The upshot was that the McBaby and I went - but hey, we can give him the photos next father's day, can't we?
I thought the shoot was in the centre of Oxford, so we left our house at lunchtime to give us time to park, find the place, cover up the horrendous red blemish on my nose from too much nose-blowing, go to Wagamama and to generally adopt an aura of serenity for the photo so we can pretend it exists in our lives.
However, it was not in the centre of Oxford, rather it was in a shopping centre somewhere outside the city centre meaning we had hours and hours to kill with just a Wilkinsons and a 99p store to entertain us, oh and a car backing into another car in the multi-storey as we arrived.
We managed to while away three hours but I did have to resort to putting £1 in a kids' ride on toy that saw off 30 seconds for us.
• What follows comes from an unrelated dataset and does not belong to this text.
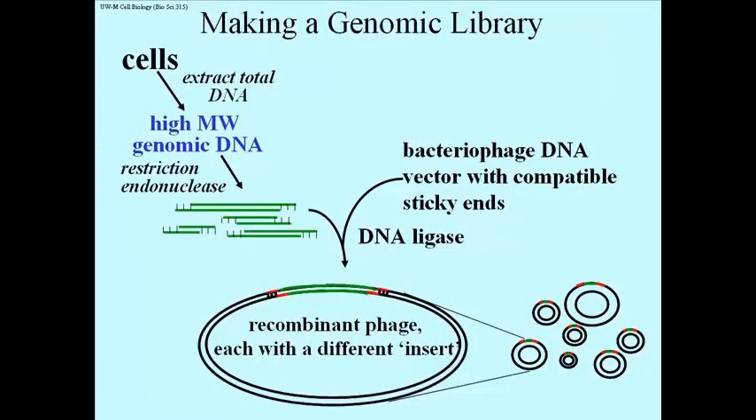So you can get huge chunks of the genome into recombinant phage. That's important because there's much more DNA that you're going to have to screen unless you can put big pieces into your recombinants — and that's what's happening here.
Then it was time for the photoshoot where I noticed that the McBaby had a greenish stain on his t-shirt and chocolate all over his jeans. Might as well include a touch of realism in the shots, I guess.
We had an hour of studio time, so after removing our shoes and socks, we posed for a couple of pictures together where I was unaware of anything other than my sore, bright red nose.
Time to get some pictures of the McBaby on his own. He absolutely relished being the focus of the shots and shouted "cheese" gleefully while strutting around the studio like a seasoned model, offering pouting shots, paparazzi shots and lots of laughter.
The photographer then offered us the use of the props in the room, starting with a leather sofa that the McBaby thought was for pushing across the studio rather than sitting on. When we finally coaxed him onto it, he insisted on standing on it, precariously close to the edge.
We put that back and got out a washing basket. Many's the time I've tried to get the McBaby to pose in a washing basket in the style of Anne Geddes, but he just won't sit in a basket. Or indeed anywhere. And he wouldn't do it for the photographer either, instead preferring to drag a vintage suitcase across the floor. "Hurray" I thought, instead of a basket, we'll get him to pose in a suitcase.
And it all looked promising as he got in. And then out. And then in. And then out.
Repeat 35 times.
Remember those computer programmes you used to write at school:
10 Get into suitcase
20 Get out of suitcase
30 Go to 10
We now have to go back to select some pictures so that should be interesting. Only this time, I hope the McBaby doesn't disappear out of the shop and run across the shopping centre only for me to have to chase him before I've put my shoes and socks on.